When I was first starting to communicate with people on the internet, I used to think that being able to get into discussions on the internet would give everyone the time and distance to be able to measure and really consider responses before making them in haste. This was clearly naïve; I didn’t take into account, for instance, the factor of anonymity, when people believe there are no consequences to raising a storm. Or that sitting alone in front of a computer is not necessarily the best way to gauge the dynamics of a conversation.

I learned pretty quickly that it wasn’t worth my time to argue people being vicious for the sake of it. I love to argue, but only when all parties involved are also willing to listen. And not be jackasses. I don’t go to forums looking to pick a fight, and I don’t want anyone reading my reviews to think I’m picking a fight with them, either. Note that “critique” and “picking a fight” are not the same thing, though many people confuse the two.

(I guess that’s my rule #1 right there: the critique of a book is not a comment on the author, their ability/morality/value as a human being or anything else. It’s a critique of the execution of a story, not of the person. I may harbor personal judgments about an author, but those should not have any place in my book review.)

So before I post a review, I do try to consider how people might react to it and phrase as fairly as I can. I miss things, being human and also not psychic. If someone points out a problem, I hope I will always address it. I can’t control how people react, nor should I try, but I can control how I present my thoughts.

And I am going to be honest in my reviews, because I think lying misses the point. I want to help people find books they might enjoy; if I misrepresent my opinion of the book, I do everyone who encounters it a disservice.

That doesn’t mean I have to post a review of every book I read. I have to remind myself of that sometimes.

I don’t believe in giving glowing recommendations indiscriminately, but I also don’t think slamming a book is helpful for anyone. If I disliked the book that much, maybe I just wasn’t the target audience. That I can point to specific aspects that bothered me doesn’t mean they won’t work for others. And I generally don’t want to make people feel uncomfortable about the kinds of stories they enjoy, unless I’m targeting a very specific point: it’s too easy for that to be really hurtful in a way I don’t intend. I want people, myself included, to re-evaluate the kinds of stories they enjoy and why, but that isn’t the same at all.

(You know, the kind of review that goes, “There is nothing worthwhile in this book and if you liked it or anything about it just quit now, you’re incurably stupid, what is wrong with you”? That’s the kind I really don’t want to write.)

In the end, I review because I love books, and I love the genre, and I want to help people find books, not to turn them away from books. I would rather promote books I love than slam books I hate. So my policy is that if I only have negative things to say about a book, I won’t review it. Which is not to say that negative reviews are inherently bad, but they’re not my preferred mode of operation.

If I have many negative things to say, I kind of play it by ear. In the last month I’ve read two ARCs that I really wanted to like; synopses and/or samples indicated I might, and they were by new authors, and I hoped I could help spread the word about some unfamiliar names. In one case, it’s a beautifully written book, but I really didn’t enjoy it, and so I feel like writing a review would be a disservice. I could still review it, I suppose, in a clinical sort of way, but I don’t have a whole lot to say about it in general. The book deserves better than an emotionless paragraph.

I’m reading another one that bothers me more with every page. I have SO MANY THINGS I want to say about it, but almost all of them are unfavorable. Those are the things that I will probably keep to myself. At least, unless it comes up in a personal conversation or a private forum. Because while I’m perfectly happy to promote books, I’m not in this for public slamming, and I choose to review on the internet both publicly and non-anonymously.

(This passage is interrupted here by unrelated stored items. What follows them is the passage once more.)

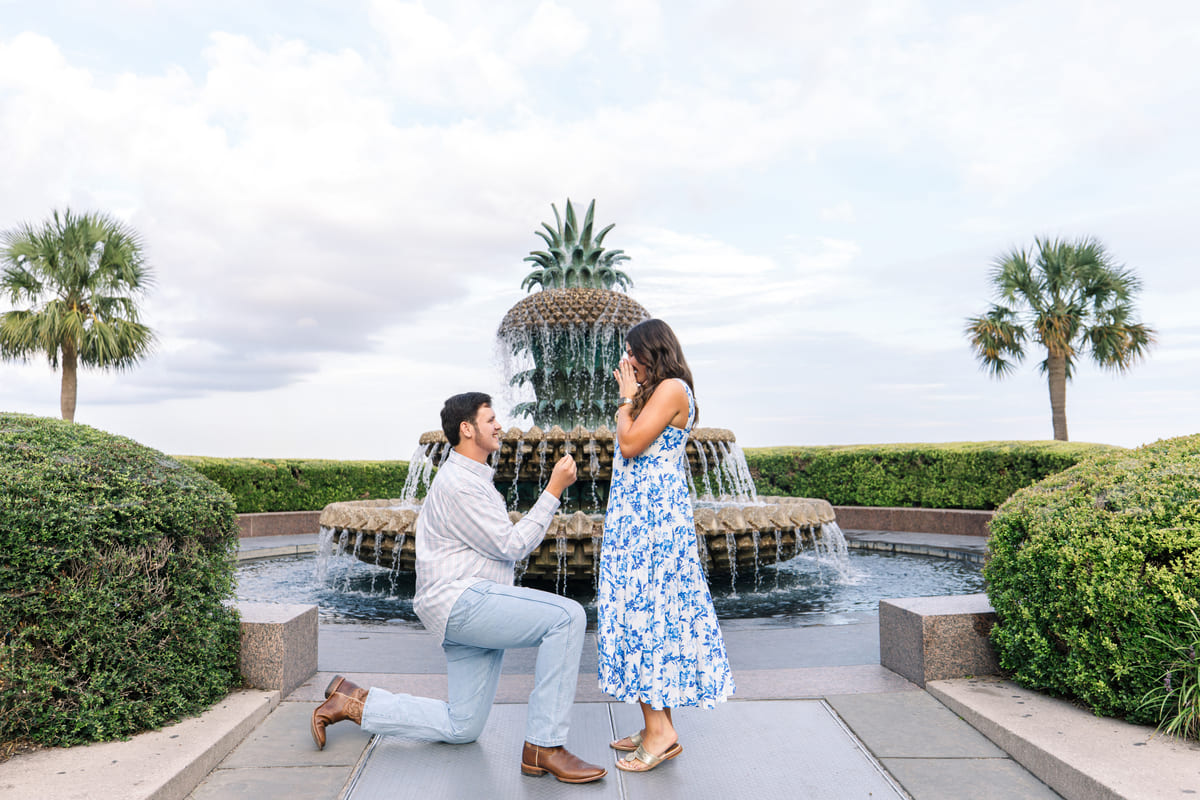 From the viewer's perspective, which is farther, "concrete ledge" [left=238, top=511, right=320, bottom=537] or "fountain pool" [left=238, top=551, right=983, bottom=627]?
"concrete ledge" [left=238, top=511, right=320, bottom=537]

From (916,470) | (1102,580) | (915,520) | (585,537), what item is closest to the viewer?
(1102,580)

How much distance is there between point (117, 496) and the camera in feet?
11.7

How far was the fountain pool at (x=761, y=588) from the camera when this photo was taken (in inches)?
267

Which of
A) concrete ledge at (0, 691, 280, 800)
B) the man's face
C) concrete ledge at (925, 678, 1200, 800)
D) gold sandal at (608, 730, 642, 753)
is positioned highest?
the man's face

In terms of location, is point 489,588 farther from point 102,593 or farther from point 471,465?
point 102,593

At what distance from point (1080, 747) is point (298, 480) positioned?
14.7 metres

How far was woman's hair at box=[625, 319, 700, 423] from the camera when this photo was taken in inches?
131

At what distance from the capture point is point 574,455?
770 cm

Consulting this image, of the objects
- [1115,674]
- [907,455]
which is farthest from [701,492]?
[1115,674]

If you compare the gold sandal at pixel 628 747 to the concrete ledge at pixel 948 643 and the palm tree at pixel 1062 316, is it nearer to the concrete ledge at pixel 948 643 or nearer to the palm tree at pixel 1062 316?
the concrete ledge at pixel 948 643

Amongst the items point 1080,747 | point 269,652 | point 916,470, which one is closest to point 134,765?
point 269,652

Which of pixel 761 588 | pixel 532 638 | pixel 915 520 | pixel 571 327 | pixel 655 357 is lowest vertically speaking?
pixel 761 588

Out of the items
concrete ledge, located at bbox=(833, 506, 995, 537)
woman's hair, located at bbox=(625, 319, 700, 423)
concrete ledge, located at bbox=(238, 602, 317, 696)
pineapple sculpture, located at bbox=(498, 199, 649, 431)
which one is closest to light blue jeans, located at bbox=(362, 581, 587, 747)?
woman's hair, located at bbox=(625, 319, 700, 423)

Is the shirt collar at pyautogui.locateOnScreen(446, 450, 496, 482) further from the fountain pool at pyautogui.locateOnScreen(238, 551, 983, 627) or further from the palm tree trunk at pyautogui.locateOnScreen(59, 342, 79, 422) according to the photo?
the palm tree trunk at pyautogui.locateOnScreen(59, 342, 79, 422) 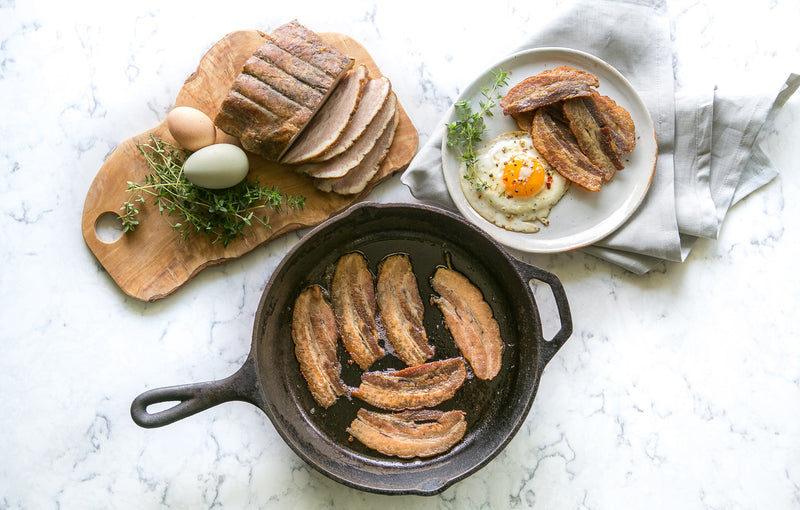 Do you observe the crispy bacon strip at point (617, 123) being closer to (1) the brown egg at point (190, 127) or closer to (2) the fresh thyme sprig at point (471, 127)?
(2) the fresh thyme sprig at point (471, 127)

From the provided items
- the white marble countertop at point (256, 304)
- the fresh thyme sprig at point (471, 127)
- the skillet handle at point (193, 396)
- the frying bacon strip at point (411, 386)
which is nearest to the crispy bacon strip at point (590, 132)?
the fresh thyme sprig at point (471, 127)

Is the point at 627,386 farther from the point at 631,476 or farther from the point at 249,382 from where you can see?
the point at 249,382

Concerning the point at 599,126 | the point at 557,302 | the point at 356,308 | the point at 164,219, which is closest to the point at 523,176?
the point at 599,126

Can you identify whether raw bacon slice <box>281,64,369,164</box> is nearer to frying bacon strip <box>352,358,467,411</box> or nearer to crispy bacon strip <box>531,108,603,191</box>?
crispy bacon strip <box>531,108,603,191</box>

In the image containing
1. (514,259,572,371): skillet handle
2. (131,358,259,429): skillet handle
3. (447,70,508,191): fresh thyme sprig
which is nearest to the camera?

Sometimes I feel like choosing not to review is copping out. Maybe selectively reviewing isn’t truly honest, or maybe if I were truly polite or committed I would review every ARC I volunteered/requested to read, because new authors especially could use the word-of-mouth, so to speak. But do they really need negative word-of-mouth? I think there are worse things than refraining from spewing negativity all over the internet, however well-analyzed. There’s certainly a time and a place for that, don’t get me wrong, even certain review forums. I just don’t think it’s in my public book reviews. I’m not sure this is the “right” balance (you know, by some objective definition of “right”), but it’s the one I’m walking for now.